Rimane, invece, in assoluto il preferito di Alberto il Riserva Lunelli, dove la vinosità, apportata dalla vinificazione in botte, lo rende autorevole, strutturato, un grande vino. Infine, Giulio Ferrari. Uno spumante autorevole, rigoroso, pieno, vero e proprio capolavoro e dalla longevità spiazzante.

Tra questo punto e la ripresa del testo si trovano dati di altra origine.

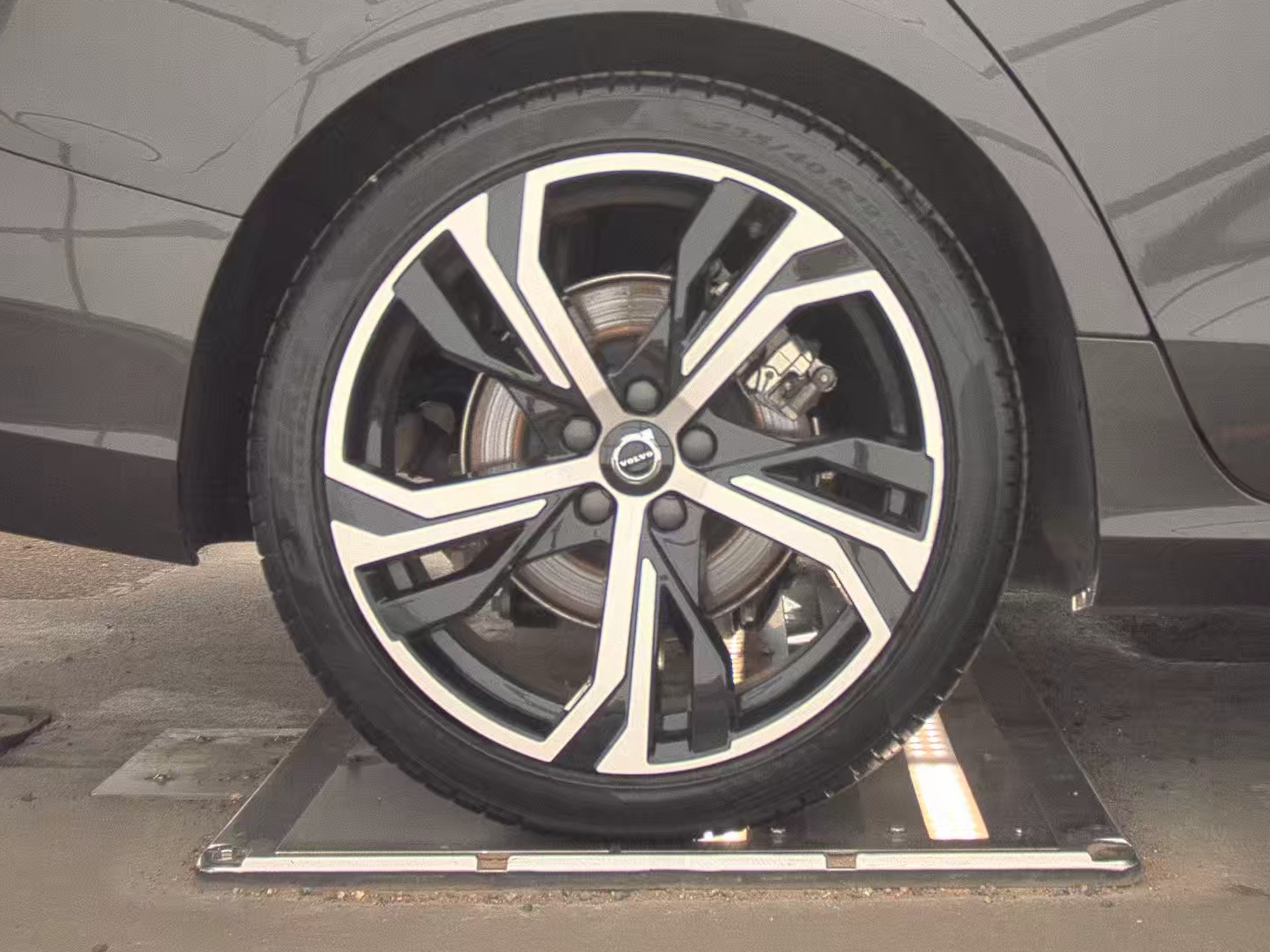 2025 Volvo S60 B5 Core AWD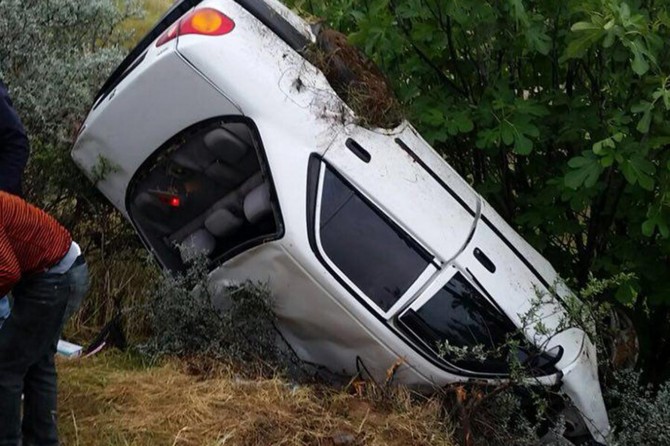 Otomobil şarampole yuvarlandı: 3 yaralı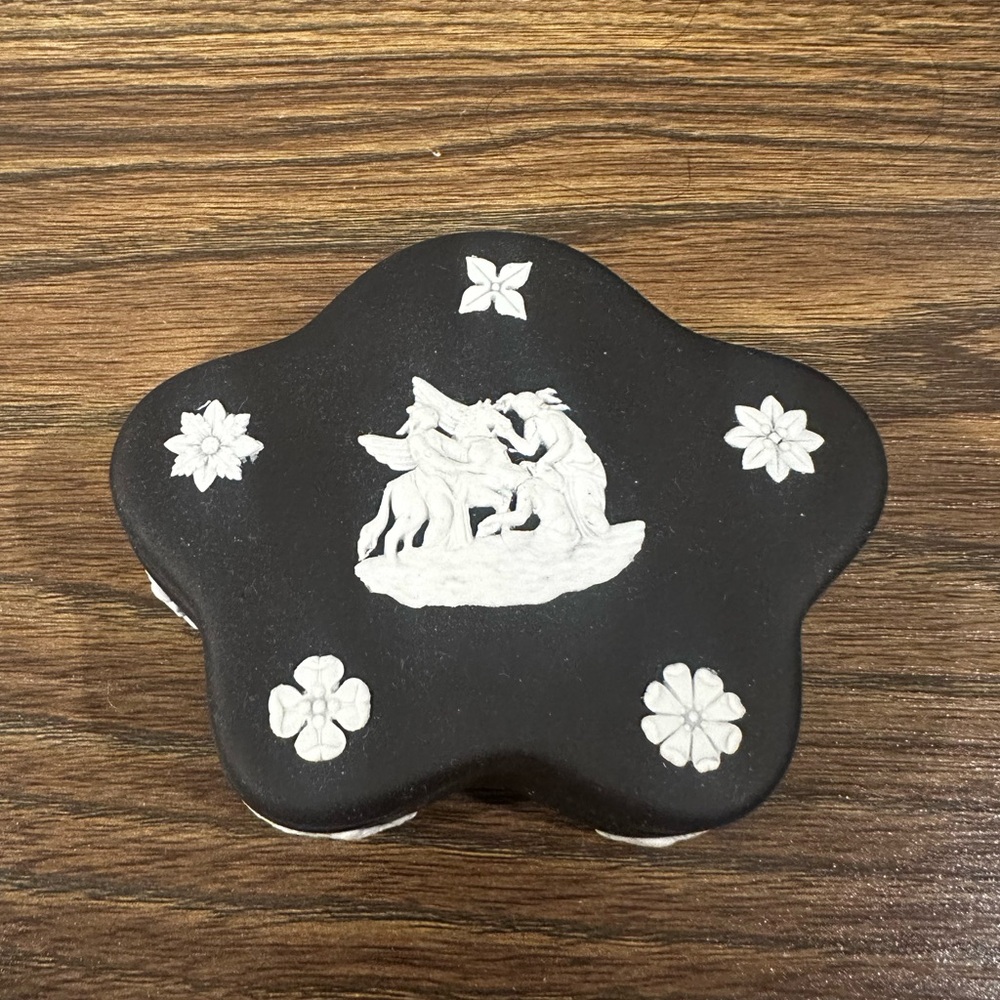 Wedgwood Black Jasperware Star Trinket Box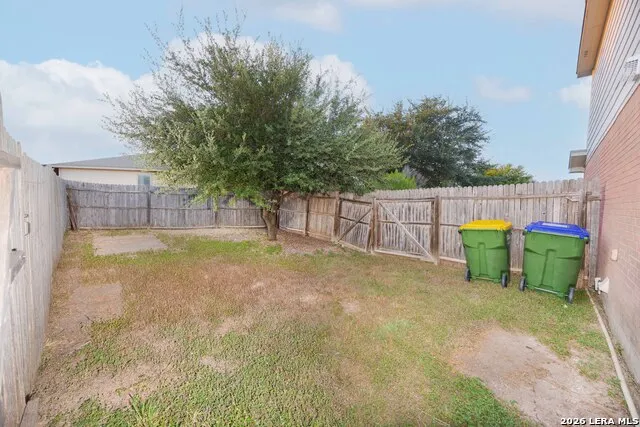 3633 Double Diamond Selma, TX 78154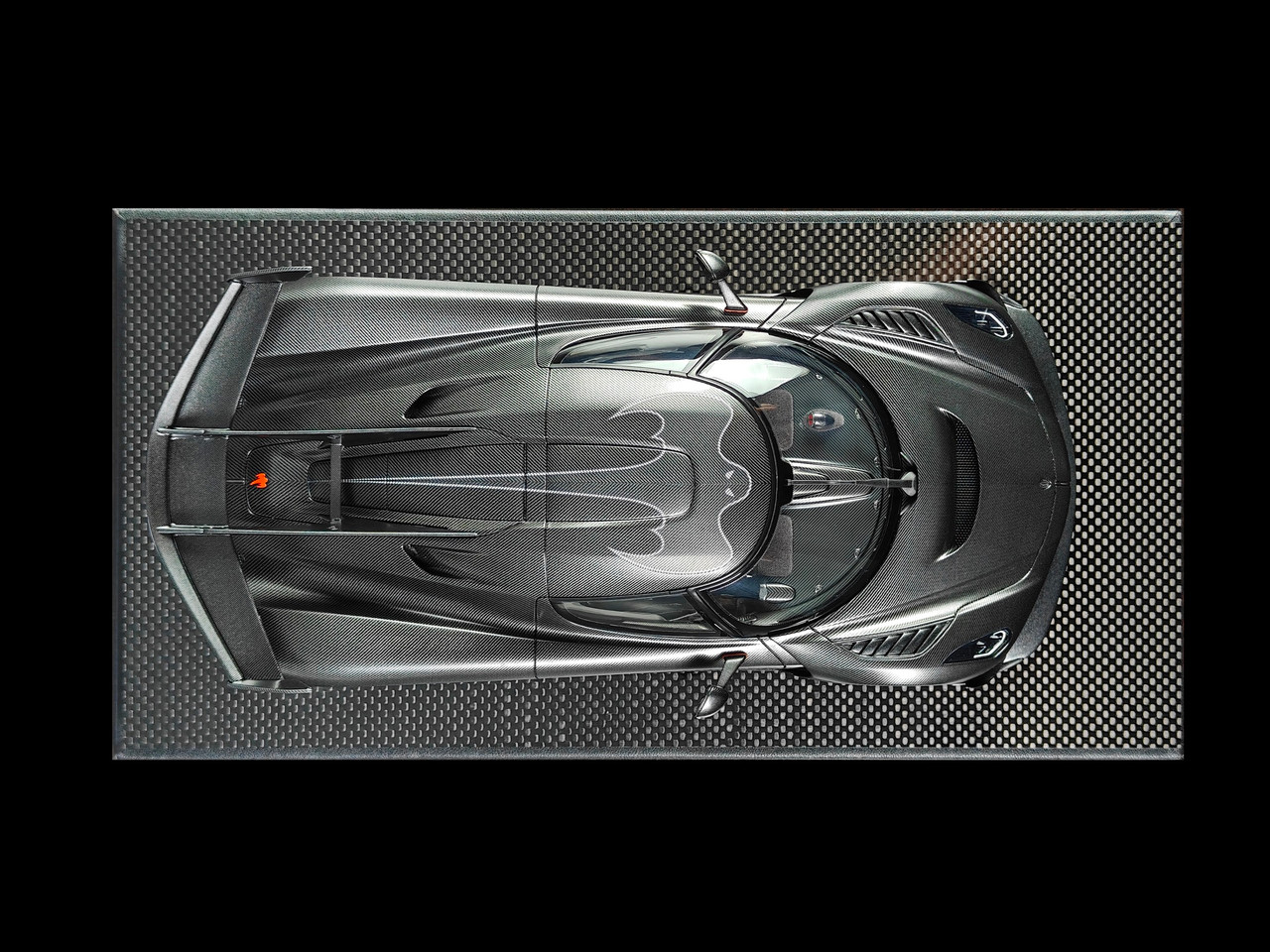 新品 FrontiArt 1/18 ケーニグセグ jesko ブラックカーボン 1/18 Frontiart Koenigsegg Jesko 7286 Carbon Black Car Model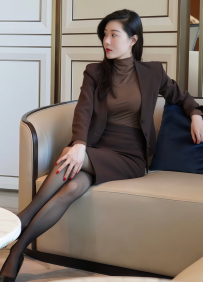 艷麗 168.47.D.31歲 #新竹 高挑纖細 性感氣質 皮膚白皙滑嫩 ...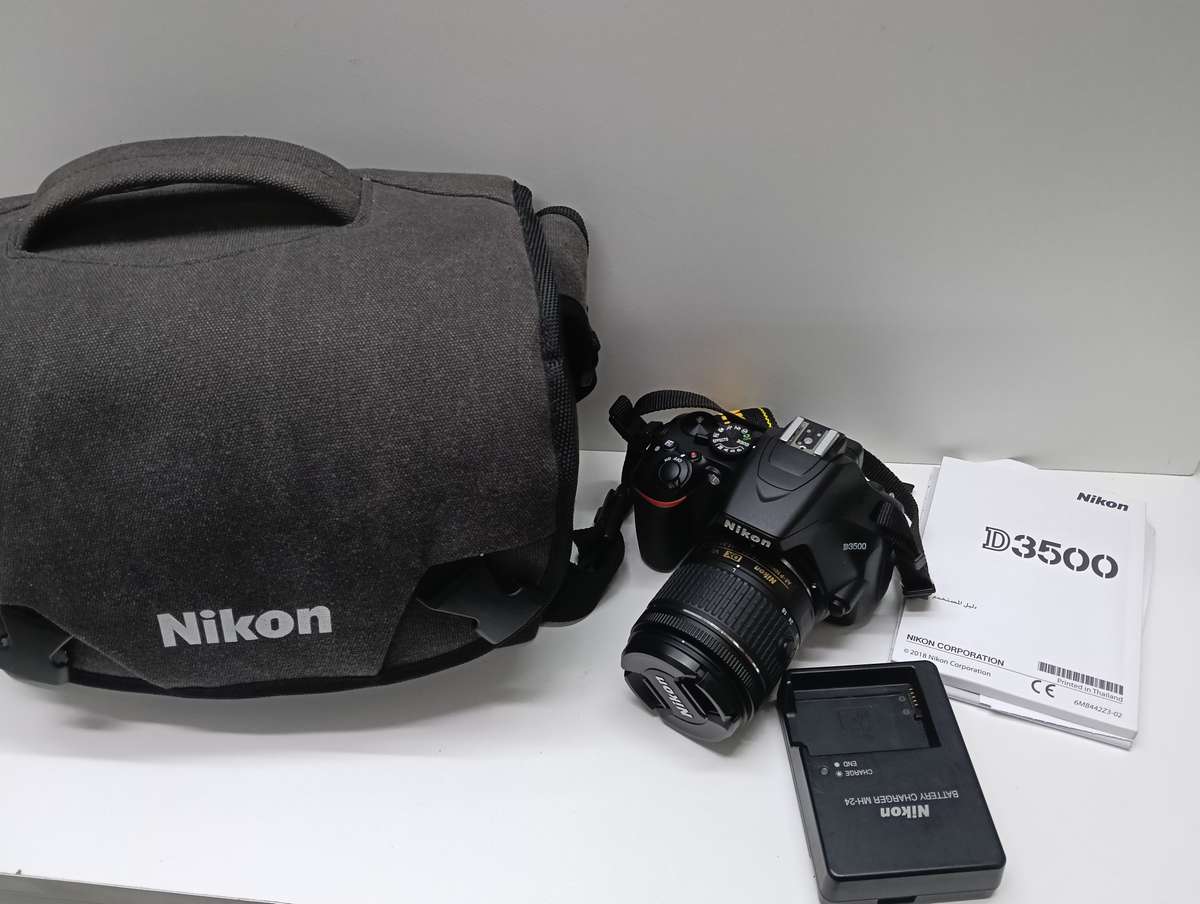 Nikon D3500, 24.2 Mpx Dslr Camera-18-55mm Dx lens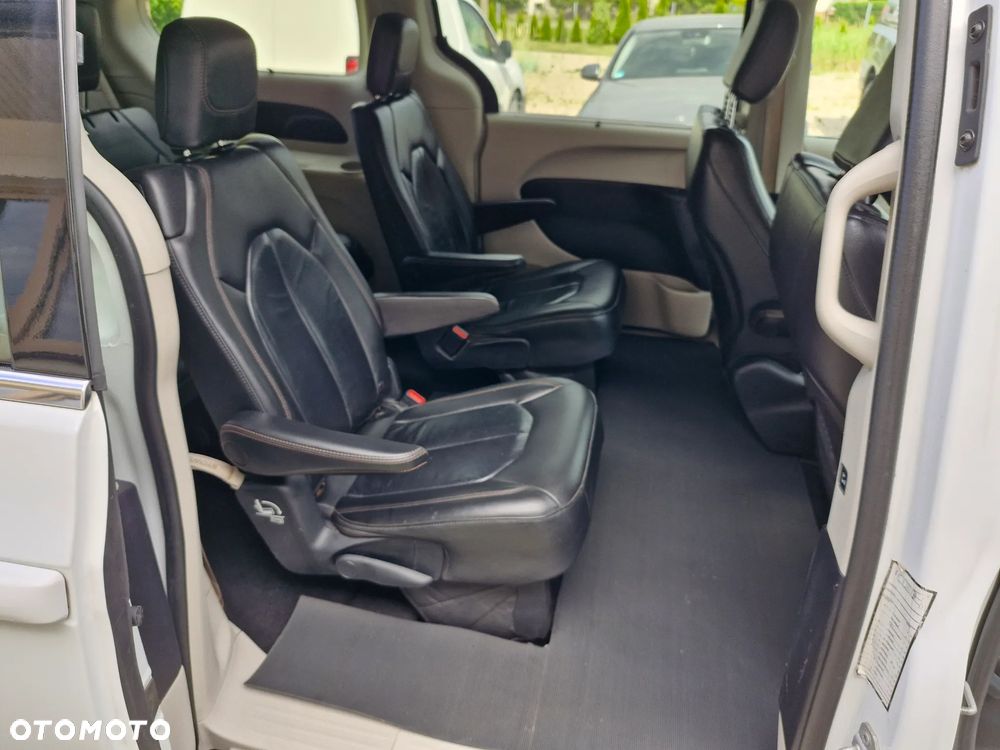 Chrysler Pacifica - 14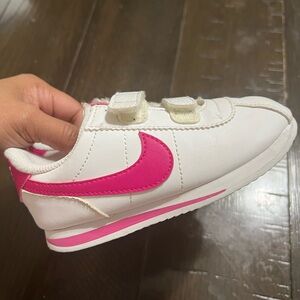 Nike Cortez Shoes 9c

Questi, gli assaggi migliori della nostra visita:

MAXIMUM Blanc de Blancs

Prima annata in produzione: 1991.
Chardonnay 100%, oltre 30 mesi sui lieviti.
Perfezione stilistica da applausi. Intenso e raffinato, dalla trama olfattiva luminosa, raffinata, incisiva e pervasa da una mineralità sottile che si miscela alle note di nocciola, yozu, ananas, fiori e pan brioche. Per una bocca anch’essa splendente, fresca, ampia, asciutta, fresca e agrumata. Magistrale l’integrazione del legno, il sorso rimane dinamico, trasparente e succoso, generoso ma mai opulento, o materico. Un piccolo capolavoro, a tavola e ovunque. Senz’altro, per tutti.

Perlé Bianco 2013

Prima annata in produzione: 2006.
Chardonnay 100%, almeno 7 anni sui lieviti.
Un tono evolutivo sofisticato e invitante, nelle sue note suadenti di burro fresco, cenere, grafite, agrumi, pesca bianca, nocciola, caramella mou. Sfuma poi, con l’evoluzione, su note iodate e gessose, ad anticipare un sorso ampio e prorompente, dalla spiccata ossatura salmastra-minerale e con una struttura che non ne soffoca i ricami bensì li amplifica, li distende. Un vino di grande complessità, al suo perfetto punto di evoluzione e dall’impianto gustativo appagante ma anche teso e dissetante, impeccabile di dolcezza fruttata e dall’impeto salino, vibrante. Gustoso e saldo anche in chiusura, nonché di infinita persistenza.

FERRARI Perlé Zero10

Primo assemblaggio prodotto: base 2010.
Chardonnay 100%, almeno 6 anni sui lieviti. Assemblaggio di annate: 2006, 2008, 2009 e 2010 – Sboccatura 2017.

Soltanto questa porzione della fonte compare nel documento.